[PROBLEM STATEMENT] Each entry below should be given again exactly; the pictures stay out.

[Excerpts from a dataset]
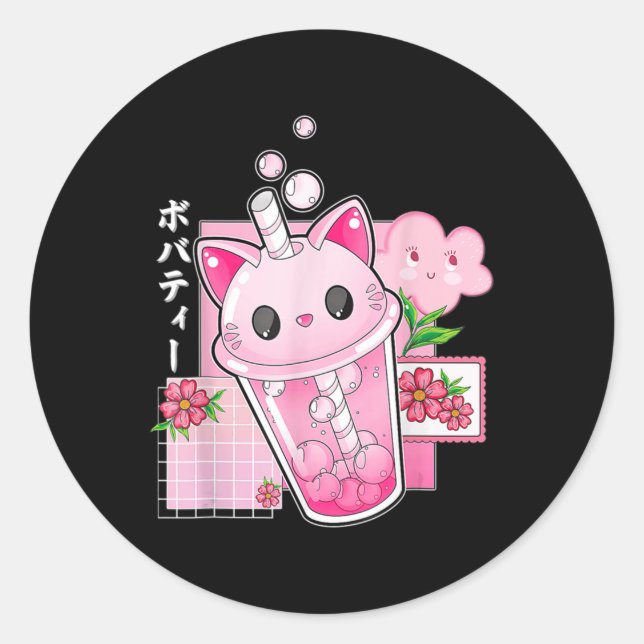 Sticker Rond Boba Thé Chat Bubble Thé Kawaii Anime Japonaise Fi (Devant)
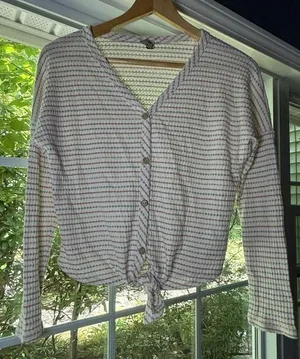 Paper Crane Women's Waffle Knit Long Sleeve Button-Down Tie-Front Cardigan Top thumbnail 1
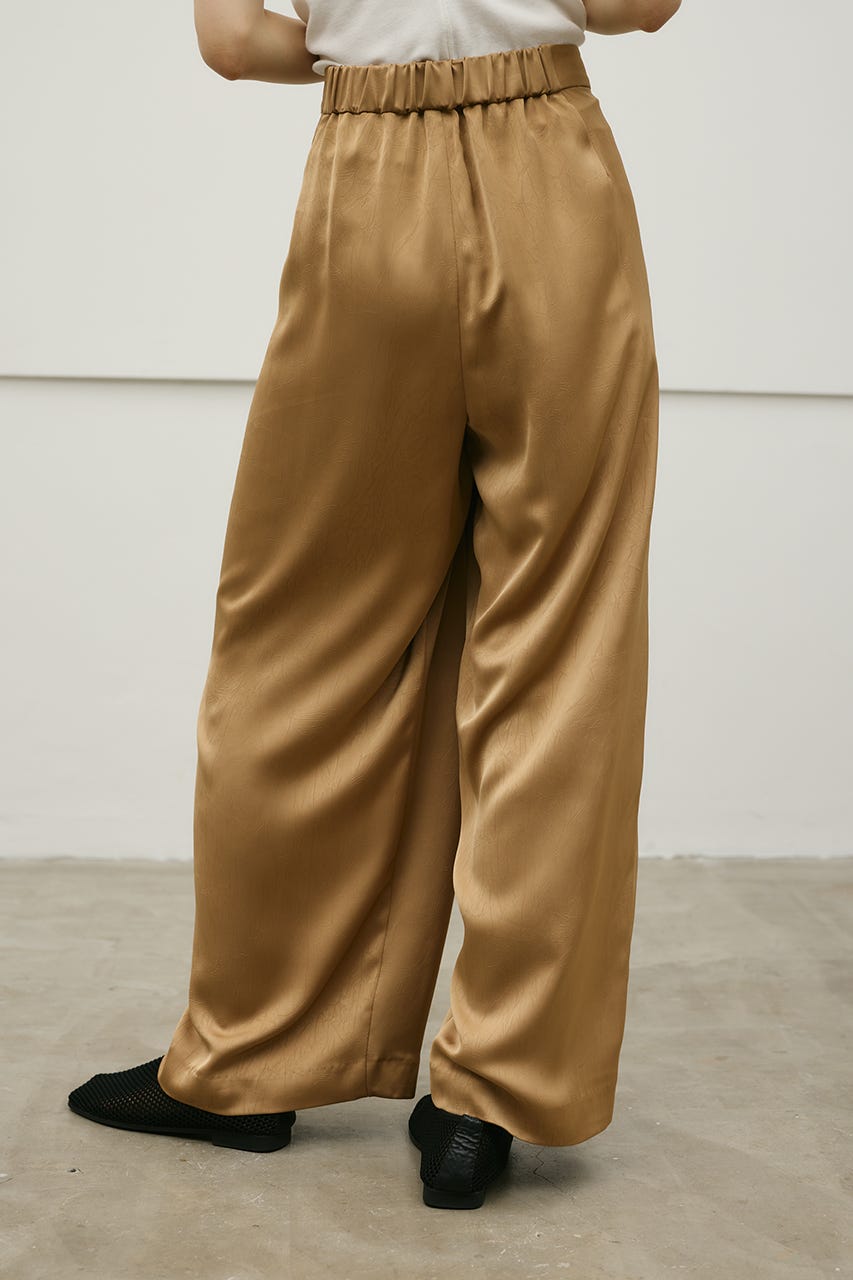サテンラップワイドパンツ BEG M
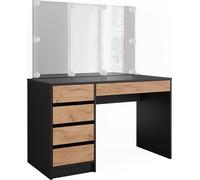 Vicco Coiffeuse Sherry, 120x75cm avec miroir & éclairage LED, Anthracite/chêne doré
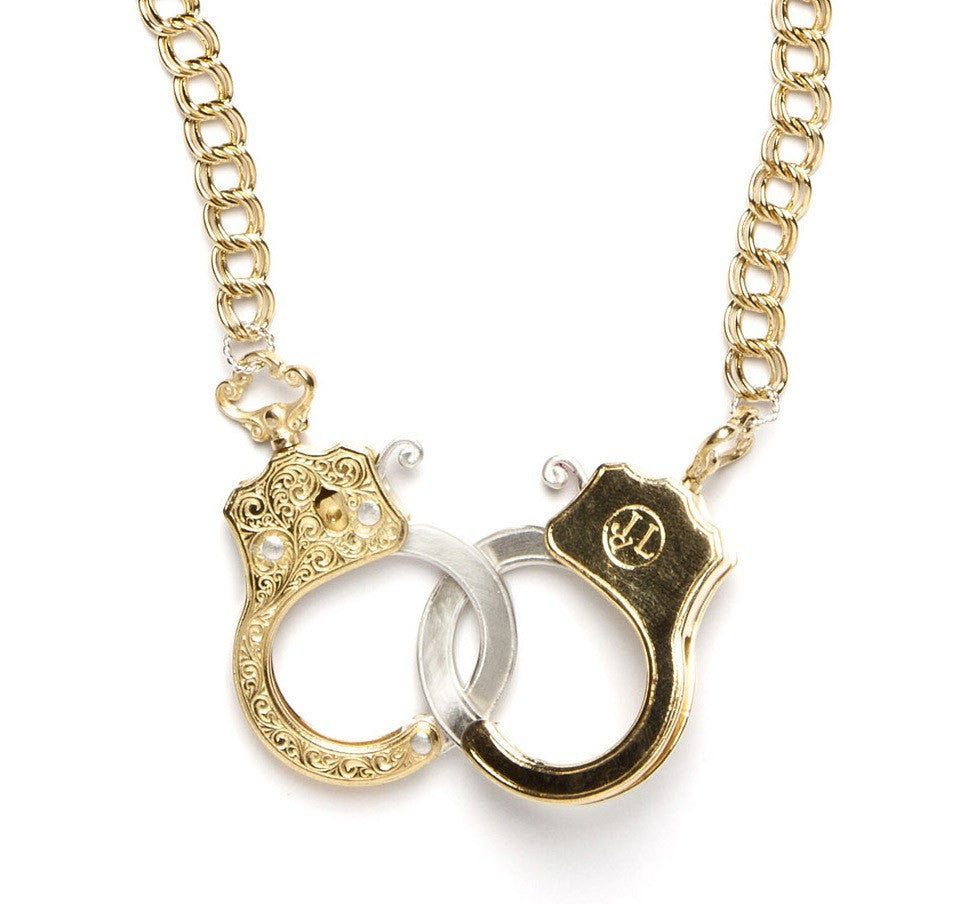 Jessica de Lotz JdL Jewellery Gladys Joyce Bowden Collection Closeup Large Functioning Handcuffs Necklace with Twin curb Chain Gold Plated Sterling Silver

[RESPONSE FOR THIS EXERCISE]
 Sticker Rond Boba Thé Chat Bubble Thé Kawaii Anime Japonaise Fi (Devant)
 Paper Crane Women's Waffle Knit Long Sleeve Button-Down Tie-Front Cardigan Top thumbnail 1
サテンラップワイドパンツ BEG M
 Vicco Coiffeuse Sherry, 120x75cm avec miroir & éclairage LED, Anthracite/chêne doré
 Jessica de Lotz JdL Jewellery Gladys Joyce Bowden Collection Closeup Large Functioning Handcuffs Necklace with Twin curb Chain Gold Plated Sterling Silver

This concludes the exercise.